Prince wrote that the phone-service outage “caused a lot of T-Mobile users to complain on Twitter and other forums that they weren’t able to reach popular services.” Downdetector, an outage-monitoring website, “scrapes Twitter” for such reports and consequently “report[ed] those services as being offline” even though they weren’t, he wrote. This contributed to the spread of rumors about a “massive DDoS attack” that also did not happen, he wrote.
Don’t expect much FCC action
Mobile voice services like T-Mobile’s are still classified as common-carrier services under Title II of the Communications Act, but the FCC under Pai deregulated the home and mobile broadband industry and has taken a hands-off approach to ensuring resiliency in phone networks.
“This is, once again, where pretending that broadband is not an essential telecommunications service completely undermines the FCC’s ability to act,” longtime telecom attorney and consumer advocate Harold Feld, the senior VP of advocacy group Public Knowledge, told Ars today. “We’re not talking about an assumption that T-Mobile necessarily did anything wrong. But when we have something this critical to the economy, and where it is literally life and death for people to have the service work reliably, it’s not about ‘trusting the market’ or expecting companies to be on their best behavior. We as a country need to know what is the reality of our broadband networks, the reality of their resilience and reliability, and the reality of what happens when things go wrong. That takes a regulator with real authority to go in, ask hard questions, seize documents if necessary, and compel testimony under oath.”
Several provisions of Title II common-carrier rules that Pai has fought against “give the FCC authority to make sure the network is resilient and reliable,” Feld said.
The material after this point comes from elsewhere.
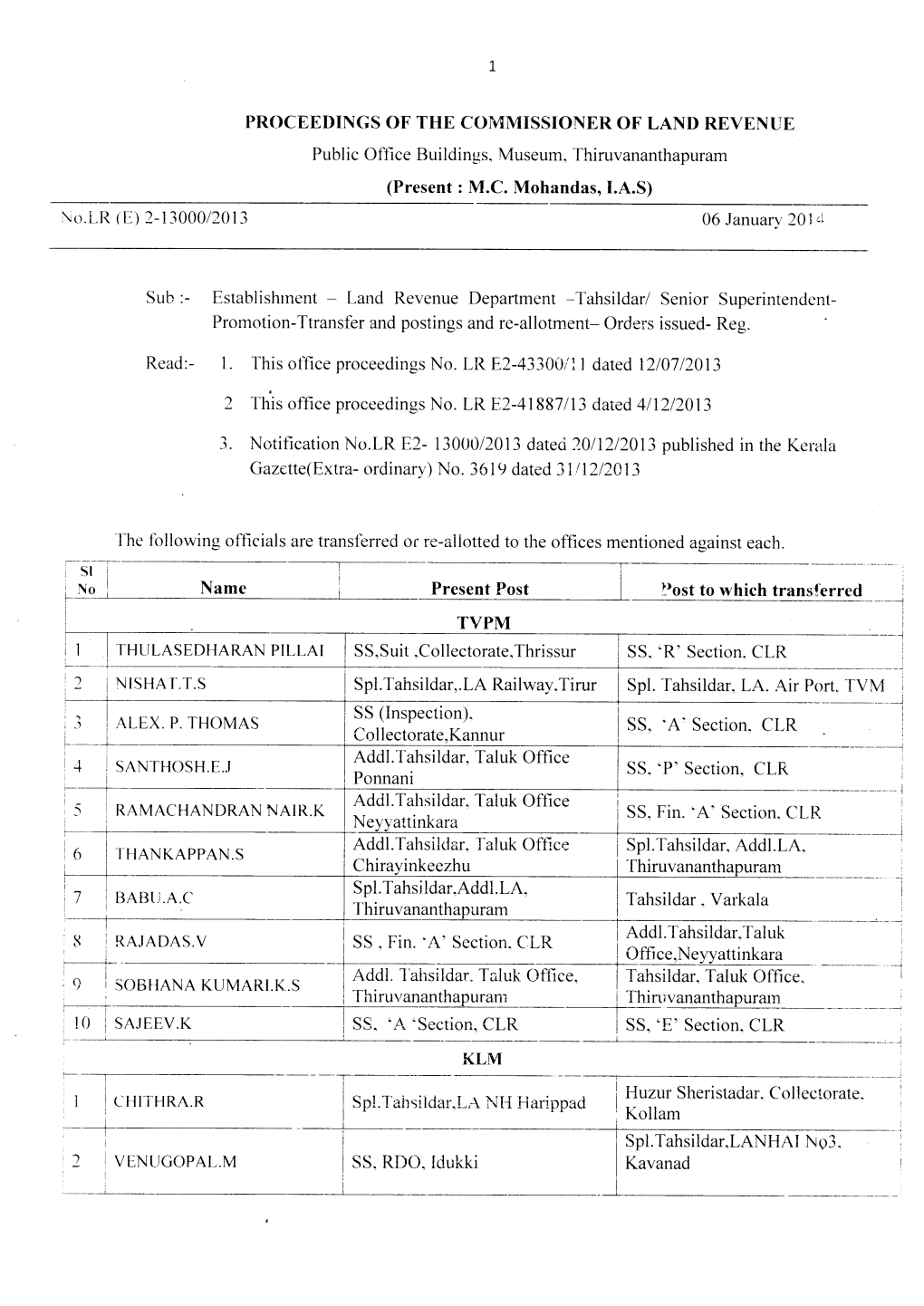 Promotion/Re-Allotment to the Cadre Of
The FCC gutting its own authority “influences how the FCC conducts its investigations,” he said. “[FCC] staff and the carriers know very well that if push comes to shove, companies can simply refuse to give the FCC information that might be too embarrassing. So the FCC is stuck now playing this game where they know they can’t push too hard or they get their bluff called. Carriers have incentive to play along enough to keep the FCC or Congress from re-regulating, but at the end of the day it’s the carriers—not the FCC—that gets to decide how much information to turn over.”